Closed gustrd closed 1 month ago
At the moment, there is no flag to remove llamafile. I will add one. For now, you need to remove all matches of this -DGGML_USE_LLAMAFILE
from the makefile, and then rebuild
Can we not just delete the llama.cpp folder, clone it again and run MAKE again?
With the last version I was able to run Q4_0_4_4 just compiling from the source. Thx!

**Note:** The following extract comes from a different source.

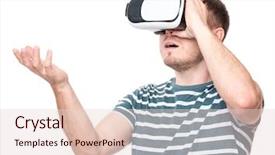  Presentation with movies - Audience pleasing PPT theme consisting of mobility orientation - amazed man wearing virtual reality backdrop and a lemonade colored foreground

@gustrd , which quantization exactly is Q4_0_4_4 ? What quantization config do you have to specify to run this ? And fast is it compared to other quantizations on ARM ?
@Abhrant , I'm not a specialist about it, but AFAIK Q4_0_4_4 is a special type of Q4 that takes advantage from some arm optimizations, present at some newer devices.
Q4_0_4_8 uses i8mm and Q4_0_8_8 uses SVC, that are even newer technologies.
I could just test Q4_0_4_4, and it got great prompt processing increase and minor generation speed increase.
With a Snapdragon 8G1 I'm getting around 35 t/s processing and 9 t/s generation, for 3B model.
Describe the Issue Upstream we have the new feature of ARM optimized models (Q4_0_4_4, Q4_0_4_8 and Q4_0_8_8). I tried to run every one of them at my Snapdragon 8G1, but I was unable to run it with koboldcpp.
Additional Information: Checking upstream I saw the new documentation (https://github.com/ggerganov/llama.cpp/pull/9321), that shows that some flags must be set at compilation. Can you please inform how to compile koboldcpp with those flags so I can try again?
To support `Q4_0_4_4`, you must build with `GGML_NO_LLAMAFILE=1` (`make`) or `-DGGML_LLAMAFILE=OFF` (`cmake`).